Staunton, September 24 – Russia’s propaganda effort in Ukraine and now in Belarus and especially the overwhelming dominance of Russian media outlets in the latter give rise to “serious suspicions that it is already too late” for Mensk or anyone else to take effective countermeasures, according to Anton Shimansky.
Indeed, the Belarusian opposition analyst says, the “only hope” is that “as a result of the conflict of the West and Russia, the latter will have to deal exclusively with its own affairs” for some time thus creating a breathing space which Belarusians might exploit to change the situation (belaruspartisan.org/opinions/318321/).
That Russians have been victimized by Kremlin propaganda about Ukraine has long been recognized, he says, but “however sad it may appear, to an even greater degree this is characteristic” for Belarusians as well, “the basic mass” of whom “receive information from TV channels” that put out the Kremlin’s line.
Moreover, Shimansky continues, unlike in Ukraine or even more in the Baltic countries, there is no “adequate system for the defense of the information space of the country.” As a result, “the Belarusian information and virtual space is simply part of the Russian one,” with ideas put out by Moscow repeated ad nauseum by Belarusian outlets.
As a result and not surprisingly, “the use of verbal symbols which Russian TV uses to describe the situation in Ukraine (fascists, Banderites, neo-Nazis, junta, illegitimate government) get significant support” in Belarus, with “more than 60 percent” of Belarusians telling pollsters that Moscow’s Crimean Anschluss was an “act of historic justice.”
“Belarusians,” Shimansky says, “to a significant degree are becoming victims of Russian propaganda, although one should recognize that this works effectively because the ground for that has been well prepared.” Indeed, one could now say that the Belarusian information space is “to an enormous extent occupied by a neighboring country.”
This has long been a matter of concern among the Belarusian opposition, it should be one for the Belarusian people as a whole, and there are indications that it is increasingly becoming a worry for the Belarusian government, Shimansky suggests.
Belarus will do what the Baltic countries have done and cut off Moscow television.
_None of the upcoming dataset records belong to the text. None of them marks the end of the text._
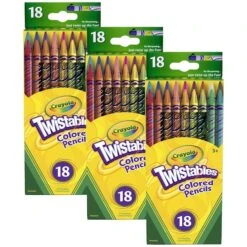 Crayola Twistables® Colored Pencils, PK54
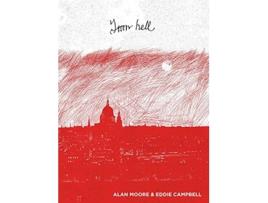 Livro From Hell de Alan Moore (Inglês - Capa Dura)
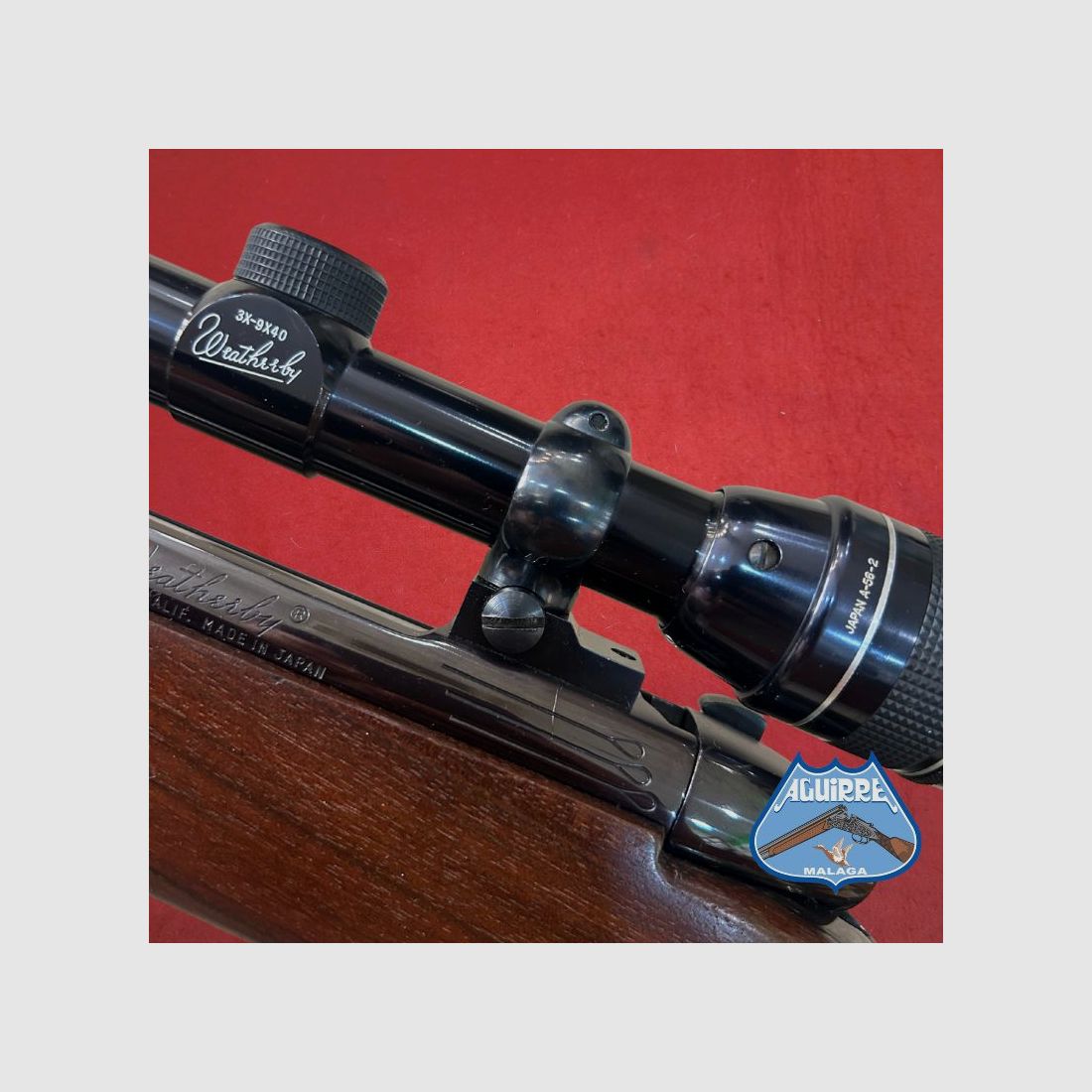 Büchse Weatherby Mark V Kal. .300 Win. Mag. + Zielfernrohr 3-9×40, Bild 11 von 12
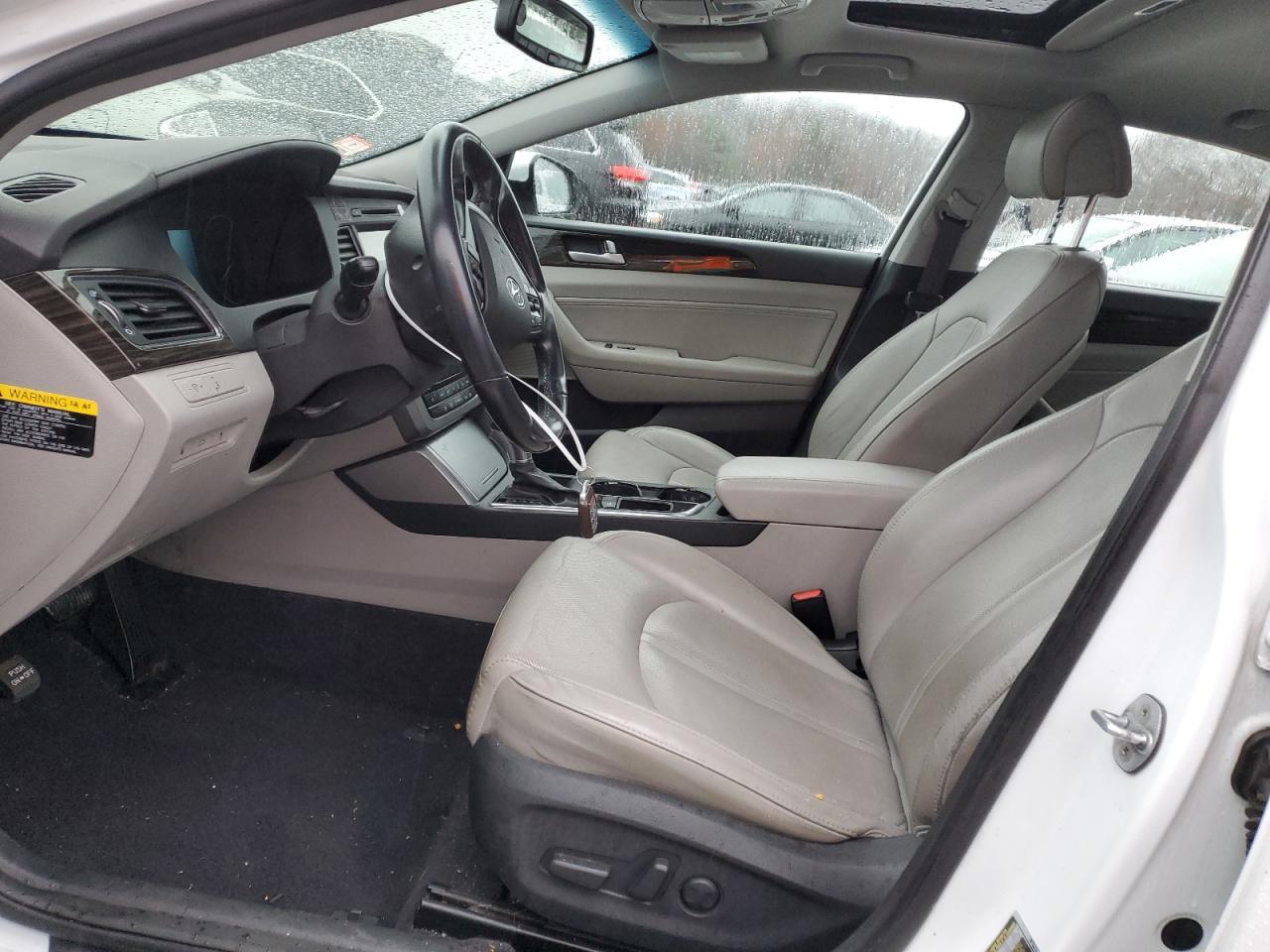 2017 HYUNDAI SONATA SPO - Фото 7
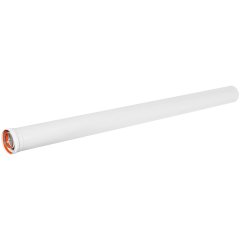 STOUT SCR-6010-001500 STOUT Удлинитель дымохода традиц. коакс. D60(п-м)/100(п-м), L1500, SCR-6010-001500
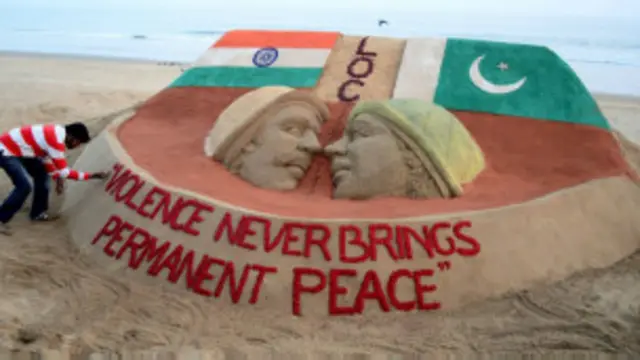 भारत और पाकिस्तान रिश्ते 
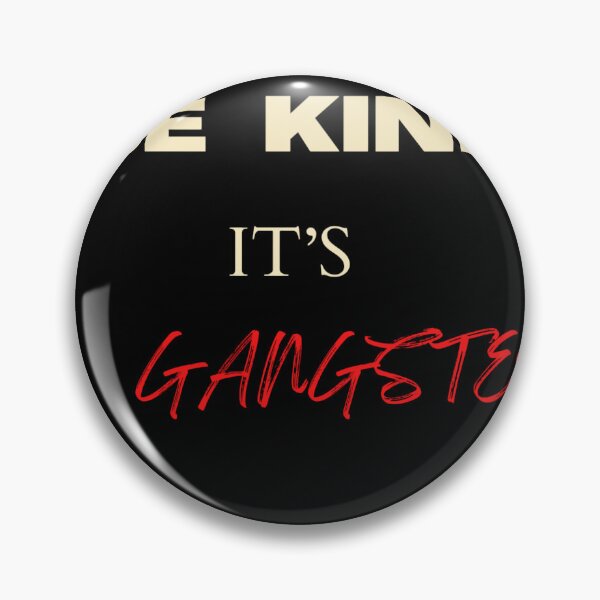 Item preview, Be Kind Its Gangster Classic designed and sold by funkyfabrik.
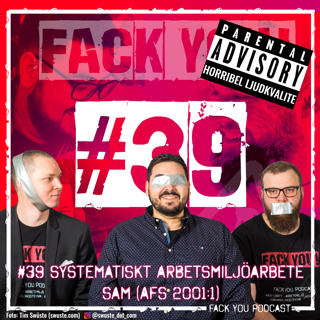 039 - SAM - Systematiskt arbetsmiljöarbete (AFS 2001:1)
Mensk is too economically dependent on Moscow, Belarusian media are not now capable of offering an attractive alternative, and the Lukashenka regime benefits the more Belarusians see what has happened in Ukraine and do not want it to happen in their own country.
But despite that, Shimansky continues, “one can hardly call the situation of the Belarusian leadership simple.” The Mensk elite can see that Moscow has launched “an information war against Belarus” by positing a “mythical” outburst of russophobia there and may follow up with other steps undermining Belarusian sovereignty and their own positions.
If one is honest, the Belarusian commentator continues, “it is exceptionally difficult if not in general impossible under contemporary conditions to find any methods of carrying out more or less effective counter-propaganda.” There are some media outlets that are putting out the truth, but they are now drowned out by those the Kremlin controls or has intimidated.